The difficulty of investigating what is seen in a brief visual presentation is captured in the following quotation: "The apparently simple question: ‘What did you see?’ requires the observer to report both what he remembers and what he has forgotten" (p. 1). Sperling devised an elegant procedure to address this dilemma. In his procedure, subjects were shown in a brief presentation (5-500 ms) an array of letters arranged in a matrix. One of two types of recall instructions followed. In full-report, subjects were simply told to report as many letters of the entire array as they could remember. Sperling found that subjects could usually recall an average of about 4.5 items, regardless of display size or stimulus duration. He referred to this quantity as the "span of apprehension," or "immediate memory-span."
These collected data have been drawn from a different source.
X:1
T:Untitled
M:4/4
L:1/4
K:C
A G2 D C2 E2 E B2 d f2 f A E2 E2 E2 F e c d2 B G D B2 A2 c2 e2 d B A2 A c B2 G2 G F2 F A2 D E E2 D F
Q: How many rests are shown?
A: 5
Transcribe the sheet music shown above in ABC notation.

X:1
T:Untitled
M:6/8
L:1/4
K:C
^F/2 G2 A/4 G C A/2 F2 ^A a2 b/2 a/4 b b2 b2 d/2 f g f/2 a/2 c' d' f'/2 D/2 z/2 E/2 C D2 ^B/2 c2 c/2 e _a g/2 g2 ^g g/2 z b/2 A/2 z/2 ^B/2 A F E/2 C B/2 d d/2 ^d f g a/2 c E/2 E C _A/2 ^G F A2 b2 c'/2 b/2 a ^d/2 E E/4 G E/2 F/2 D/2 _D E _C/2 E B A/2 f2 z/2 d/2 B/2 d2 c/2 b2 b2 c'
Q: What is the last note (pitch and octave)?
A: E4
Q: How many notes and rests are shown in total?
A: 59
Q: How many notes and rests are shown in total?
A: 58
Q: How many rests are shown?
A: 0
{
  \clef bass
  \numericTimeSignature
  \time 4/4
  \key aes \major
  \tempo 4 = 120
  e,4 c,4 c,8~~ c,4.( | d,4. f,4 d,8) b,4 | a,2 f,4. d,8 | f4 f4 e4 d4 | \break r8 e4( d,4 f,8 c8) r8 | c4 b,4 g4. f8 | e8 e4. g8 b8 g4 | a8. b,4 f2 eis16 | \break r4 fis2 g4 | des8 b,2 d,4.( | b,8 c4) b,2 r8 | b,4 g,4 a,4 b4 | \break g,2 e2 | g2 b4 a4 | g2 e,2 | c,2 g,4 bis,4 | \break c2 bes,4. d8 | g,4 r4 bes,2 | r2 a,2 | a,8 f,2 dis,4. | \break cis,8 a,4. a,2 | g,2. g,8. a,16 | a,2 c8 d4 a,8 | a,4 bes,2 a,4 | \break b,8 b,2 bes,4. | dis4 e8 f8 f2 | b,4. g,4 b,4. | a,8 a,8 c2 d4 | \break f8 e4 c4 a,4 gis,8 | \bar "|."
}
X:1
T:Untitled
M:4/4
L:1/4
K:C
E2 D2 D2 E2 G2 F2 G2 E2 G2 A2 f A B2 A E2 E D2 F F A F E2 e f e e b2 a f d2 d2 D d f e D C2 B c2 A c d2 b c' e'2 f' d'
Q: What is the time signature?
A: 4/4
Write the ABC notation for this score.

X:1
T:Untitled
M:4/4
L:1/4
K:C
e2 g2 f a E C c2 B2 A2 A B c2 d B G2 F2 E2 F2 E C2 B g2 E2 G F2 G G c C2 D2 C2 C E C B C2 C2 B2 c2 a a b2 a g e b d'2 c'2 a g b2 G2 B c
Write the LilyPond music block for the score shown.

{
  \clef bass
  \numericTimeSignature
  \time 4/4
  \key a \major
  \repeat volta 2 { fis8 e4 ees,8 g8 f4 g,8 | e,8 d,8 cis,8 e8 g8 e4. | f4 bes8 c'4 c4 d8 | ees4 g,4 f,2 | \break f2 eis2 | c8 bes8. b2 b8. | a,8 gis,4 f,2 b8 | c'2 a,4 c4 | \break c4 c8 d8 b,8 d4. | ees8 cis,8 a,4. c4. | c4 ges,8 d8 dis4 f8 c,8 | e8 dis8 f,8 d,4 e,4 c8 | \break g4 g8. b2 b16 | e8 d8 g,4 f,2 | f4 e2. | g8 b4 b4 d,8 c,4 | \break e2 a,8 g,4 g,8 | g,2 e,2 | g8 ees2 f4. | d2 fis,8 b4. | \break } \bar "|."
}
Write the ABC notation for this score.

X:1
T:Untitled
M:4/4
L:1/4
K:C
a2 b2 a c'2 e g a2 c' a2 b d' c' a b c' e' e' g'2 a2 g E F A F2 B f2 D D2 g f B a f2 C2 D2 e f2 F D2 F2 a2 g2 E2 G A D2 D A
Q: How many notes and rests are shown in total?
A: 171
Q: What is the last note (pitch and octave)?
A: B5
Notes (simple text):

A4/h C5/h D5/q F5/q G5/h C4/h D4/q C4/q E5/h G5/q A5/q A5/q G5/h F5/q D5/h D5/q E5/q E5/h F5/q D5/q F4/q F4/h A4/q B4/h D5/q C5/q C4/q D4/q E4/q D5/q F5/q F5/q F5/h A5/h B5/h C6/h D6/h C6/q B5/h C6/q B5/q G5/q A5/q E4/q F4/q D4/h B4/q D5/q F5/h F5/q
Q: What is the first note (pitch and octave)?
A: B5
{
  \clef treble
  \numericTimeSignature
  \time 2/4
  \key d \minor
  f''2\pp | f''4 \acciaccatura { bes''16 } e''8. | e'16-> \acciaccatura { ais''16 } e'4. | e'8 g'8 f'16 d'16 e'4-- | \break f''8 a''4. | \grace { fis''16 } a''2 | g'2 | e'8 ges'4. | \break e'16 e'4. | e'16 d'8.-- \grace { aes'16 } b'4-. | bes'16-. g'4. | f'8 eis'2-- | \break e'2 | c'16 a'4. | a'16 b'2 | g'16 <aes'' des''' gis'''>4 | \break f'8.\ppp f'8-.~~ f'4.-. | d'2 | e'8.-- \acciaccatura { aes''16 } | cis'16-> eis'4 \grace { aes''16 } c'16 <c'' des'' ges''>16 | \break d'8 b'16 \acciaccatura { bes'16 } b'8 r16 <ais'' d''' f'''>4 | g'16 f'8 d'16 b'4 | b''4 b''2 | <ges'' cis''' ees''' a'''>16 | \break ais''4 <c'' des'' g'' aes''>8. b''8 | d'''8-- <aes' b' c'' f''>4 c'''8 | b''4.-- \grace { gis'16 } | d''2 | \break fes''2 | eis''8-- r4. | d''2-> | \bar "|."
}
Sperling contrasted the above findings with results obtained using a partial-report recall technique in which following stimulus presentation, the subject was cued, at random, to recall a subset (e.g., a single line) of the items in the display. Sperling found that subjects could usually recall about 75-90% of items from any given, randomly cued line. The logical extension of this finding was that, immediately following stimulus presentation, much more information is available to the subjects than would be indicated by the full-report technique. That is, if subjects can recall 75% of the items from any given randomly cued row, then 75% of the entire display must be available immediately following stimulus display, as opposed to the 33% indicated by full report. This finding is called partial-report superiority.
Sperling also manipulated the duration of the interval separating stimulus offset and presentation of the cue. As is well known, Sperling found that partial report superiority diminished as cue interval increased. At a one-second cue interval, partial-report and full-report performance were equal. Sperling also found evidence for strategy shifts with increasing cue interval. Whereas at brief cue intervals subjects waited for the cue to indicate which portion of the stimulus display to recall, they often tried to anticipate where the cue would appear at longer cue delays. This latter strategy was evidenced by better recall of particular stimuli and poorer recall for other stimuli.
Sperling made many important conclusions based on his results, which were the basis for much future work. For example, he argued convincingly that the sensation created by a physical stimulus outlasts its physical duration, and that this phenomenon must imply some sort of memory storage. In his words, "stimulus information is . . . ‘stored’ for a fraction of a second as a persisting image of the objective stimulus" (p. 20). The concept of sensory storage was subsequently integrated into nearly all models of information processing. Moreover, he recognized some of the important properties of this storage mechanism, later called iconic memory. For example, a briefly stored visual image is highly susceptible to interference from subsequent stimuli. That is, "the available information is sensitive to interference by noninformational visual stimuli which follow the exposure" (p. 21). Finally, Sperling pointed to the precategorical nature of information stored in iconic memory. Thus, "The units of a visual image . . . are always those of an equivalent ‘objective image,’ the physical stimulus" (p. 21).
The influence of behaviorism is evident in Sperling’s paper. For example, attentional orienting is referred to as an "unobservable response." Nevertheless, the notion of storage reflects the shift to the then emergent information processing paradigm.